┌──

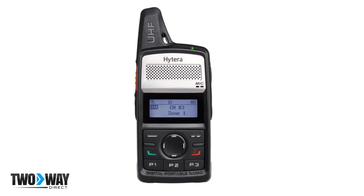The PD362i radio offers up to 12 hours of operation in digital mode and 10 in analog mode. For those utilizing this two-way radio, it is often important that their communications also be hands-free.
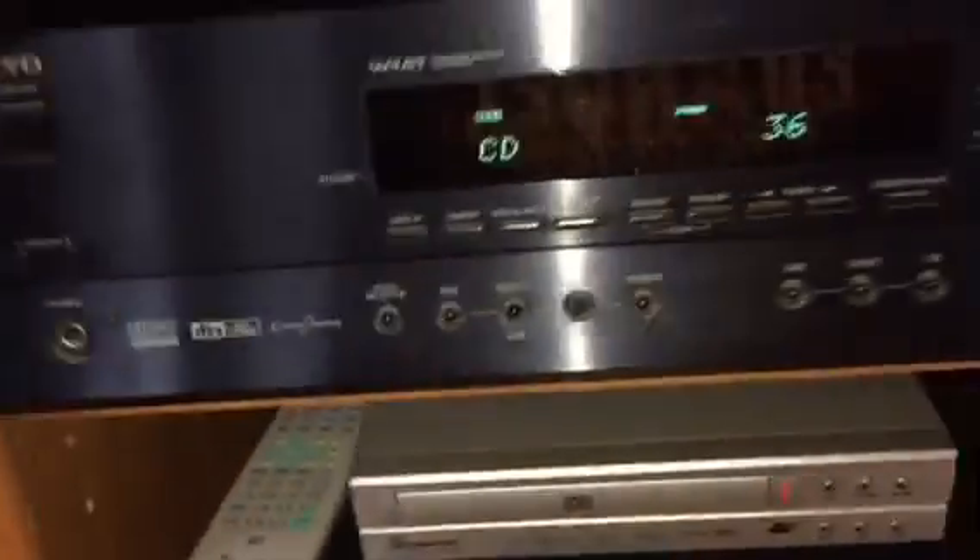Here's a quick video for anybody who listens to loud music like I do. This is an Onkyo receiver — it doesn't really matter what kind of receiver it is — but the main thing is the cooling, how to keep this thing cool.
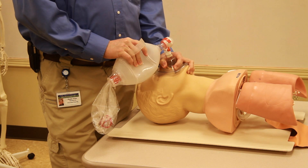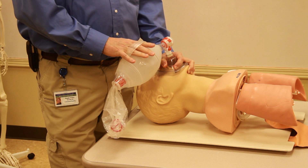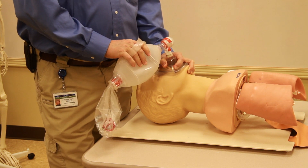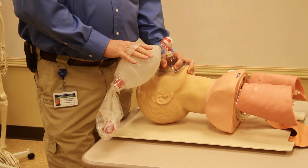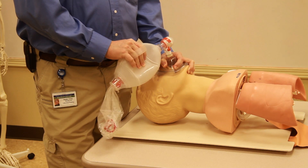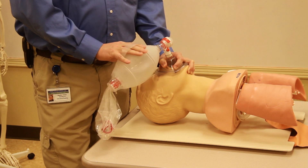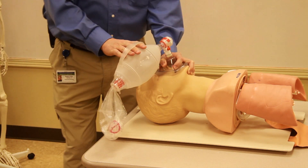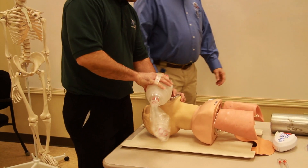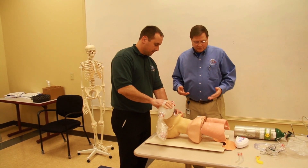With any advanced airway, we want to block off the esophagus so that vomit can't travel up into the lungs. We want to protect the airway so we ventilate only the lungs, not the stomach. I'll ask my assistant to come in and ventilate once every five seconds.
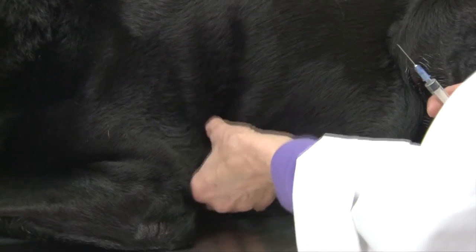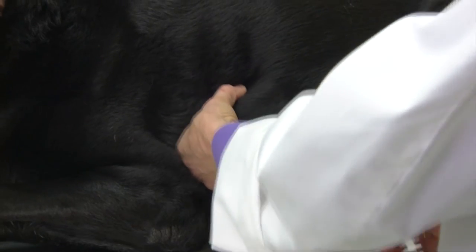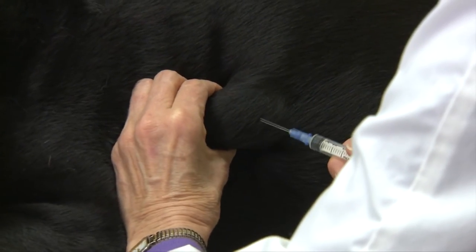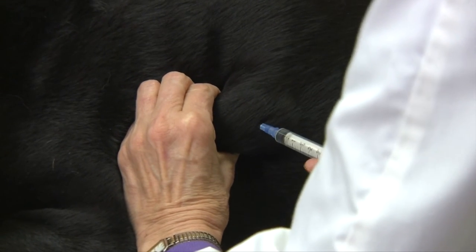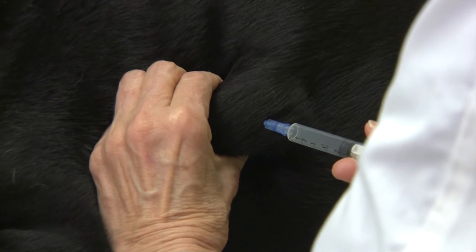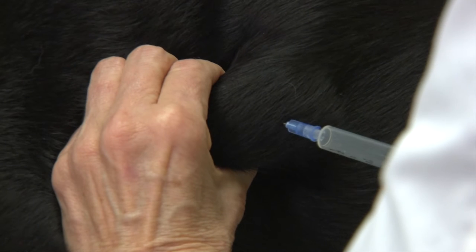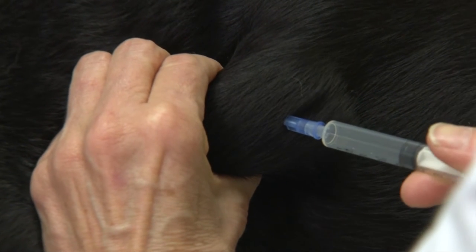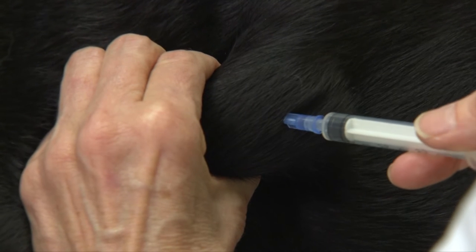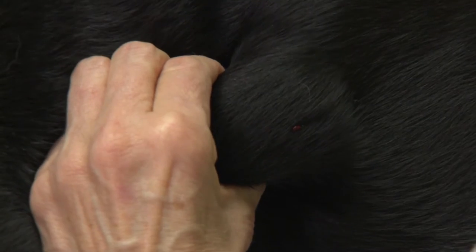You want to immobilize the mass in your left hand — for me, I'm right-handed. We will insert the needle into the mass, then apply as much negative pressure as we can. Then we will redirect that needle within the mass usually two to four times, release the pressure, and then withdraw the whole unit from the mass.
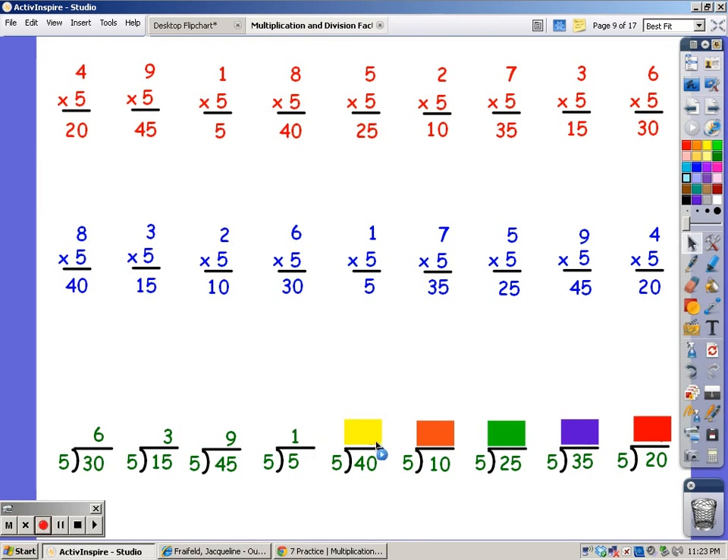Until I get to 40. 5, 10, 15, 20, 25, 30, 35, 40. It took 8 fingers. Until I get to 10. 5, 10. It took 2 fingers. Until I get to 25. 5, 10, 15, 20, 25. It took 5 fingers.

└──

• _Task requirements_: Please return only the lines from the one holding "With any advanced" through the end of the data, both ends included; do not copy any pictures.

• _Answer box_:
With any advanced airway, we want to block off the esophagus so that vomit can't travel up into the lungs. We want to protect the airway so we ventilate only the lungs, not the stomach. I'll ask my assistant to come in and ventilate once every five seconds.
You want to immobilize the mass in your left hand — for me, I'm right-handed. We will insert the needle into the mass, then apply as much negative pressure as we can. Then we will redirect that needle within the mass usually two to four times, release the pressure, and then withdraw the whole unit from the mass.
Until I get to 40. 5, 10, 15, 20, 25, 30, 35, 40. It took 8 fingers. Until I get to 10. 5, 10. It took 2 fingers. Until I get to 25. 5, 10, 15, 20, 25. It took 5 fingers.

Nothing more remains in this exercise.